Exciting wasn’t the first word that came to Kate’s mind. Terrifying was the first word. After terrifying were words like risky, stupid, crazy, and WRONG.
They crossed Avenue Lincoln to Château Florentiny, a ten-story apartment building. It was a concrete monolith that didn’t fit in at all with the smaller, more charming brownstone townhouses that flanked it. A sign in the lobby window read: APPARTEMENTS À LOUER.
Nick stopped on the sidewalk, pulled a ring from his pocket, and handed it to Kate. “Your wedding ring.”
It was a platinum band inlaid with diamonds. Simple but elegant.
Kate put the ring on her finger. “That’s got to be the least romantic proposal in history. Where did you steal this?”
“I bought it,” he said.
“That must have been a new experience for you.”
“It was. Cost me ten grand.” He slipped a matching platinum band onto his finger. “I want that ring back when this marriage is over.”
“No way,” she said. “You can keep the dishes.”
They stepped into the lobby alcove of the Château Florentiny and pressed the intercom button to summon the manager. The speaker crackled, and a woman’s voice said, “Oui?”
“It’s Jonathan and Jennifer Hart,” Nick said, smiling into the security camera. “We have an appointment with Lorie to see Apartment 1007.”
“C’est moi.” She swi
tched to English. “I’ll meet you on the tenth floor.”
There was a buzz, the door unlocked, and Nick and Kate went inside. The lobby had all the charm of an airport boarding gate. They got into the elevator, and as soon as the door closed Nick slid his hand around Kate’s waist and pulled her close.
“What are you doing?” she asked.
“Getting into the part.”
“It feels like you’re trying to get into something else.”
“That’s because we’re a young, vivacious couple who are passionately in love,” he said. “This is probably the first time we’ve ridden in an elevator together without having sex.”
Before Kate could reply, the elevator doors opened, revealing a young woman with a big sugary-sweet smile on her lollipop-round face. She had pixie-cut blond hair and ruby red lips and wore a red-and-white-striped sundress that made her look to Kate like a candy cane.
“Bonjour, I’m Lorie,” she said, jangling the large key ring she wore like a charm bracelet around her thin wrist. “Let me show you the apartment.”
“Thank you,” Nick said. “We can’t wait to see it. We need to find a place to live right away.”

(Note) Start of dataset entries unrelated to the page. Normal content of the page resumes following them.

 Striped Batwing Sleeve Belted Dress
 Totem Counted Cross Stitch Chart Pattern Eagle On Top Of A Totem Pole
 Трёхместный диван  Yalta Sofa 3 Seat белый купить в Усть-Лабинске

“Where are you living now?” Lorie led them down the hallway to a door that was already unlocked and ajar.
“Out of a suitcase,” Kate said. “We’ve been crewing on yachts for the last five years. We’re just getting used to having our feet on solid ground.”
“Jennifer is very eager to settle down,” Nick said. “We’ve only been ashore a few days and we’re already trying to get pregnant.”

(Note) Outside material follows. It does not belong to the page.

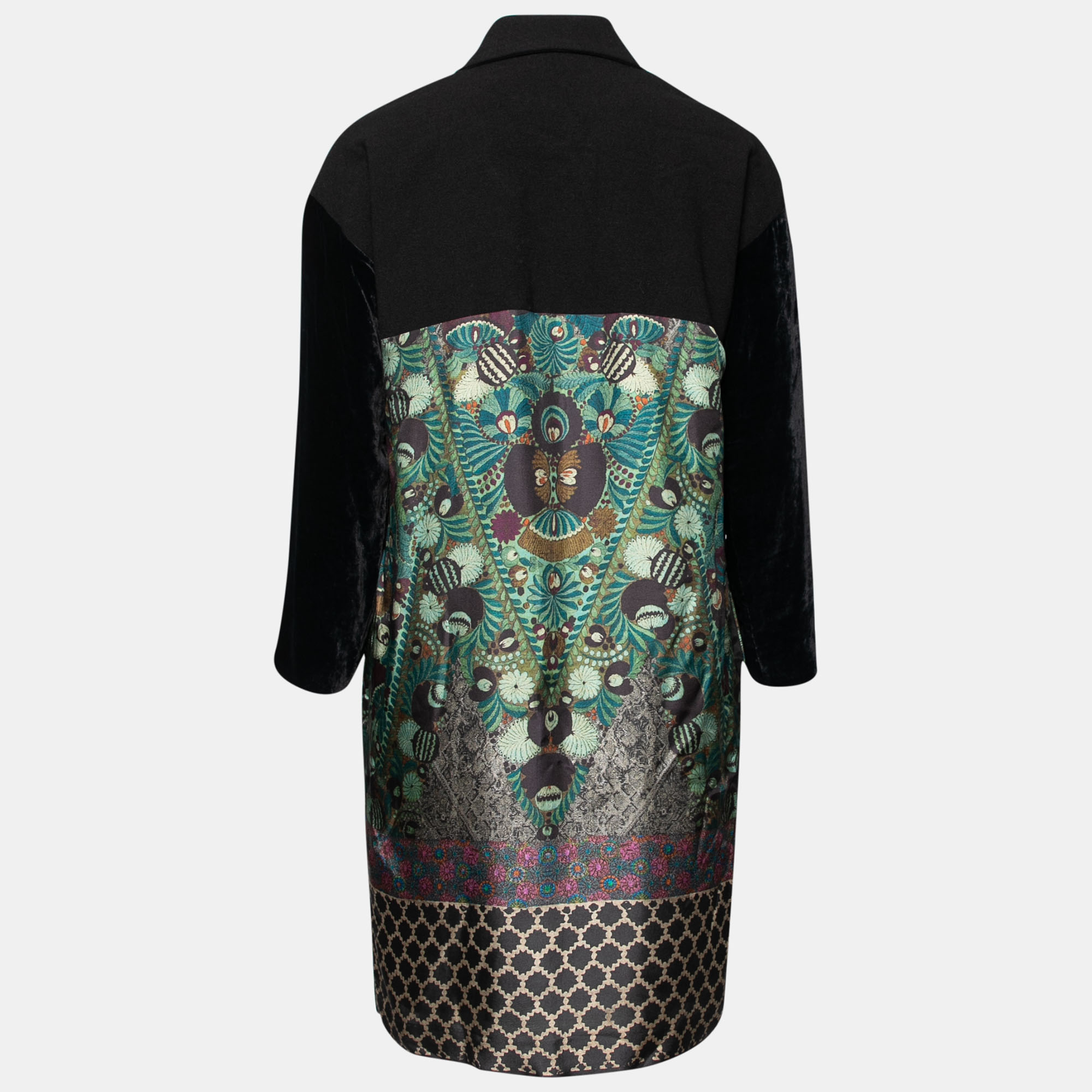 

Etro Black Printed Silk and Wool Long Sleeve Collar Dress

“I hear that trying is the best part,” Lorie said, pushing the door open for them and beckoning them inside.
Nick squeezed Kate’s waist, and Kate gave Nick an elbow to the ribs.

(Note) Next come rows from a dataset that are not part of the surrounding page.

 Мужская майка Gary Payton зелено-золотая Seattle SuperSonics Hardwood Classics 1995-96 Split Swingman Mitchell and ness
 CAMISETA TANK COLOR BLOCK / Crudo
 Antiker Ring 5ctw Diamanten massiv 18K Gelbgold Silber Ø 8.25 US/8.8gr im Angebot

The living room, large and unfurnished, had freshly painted walls, new carpet, and French doors opening onto a long, narrow balcony.
Lorie gave them a quick tour, starting in the small kitchen, which had linoleum floors, fake granite countertops, and aging appliances. She showed them the two bedrooms, gushed over the his-and-hers sinks in the bathroom, and then brought them back to the living room.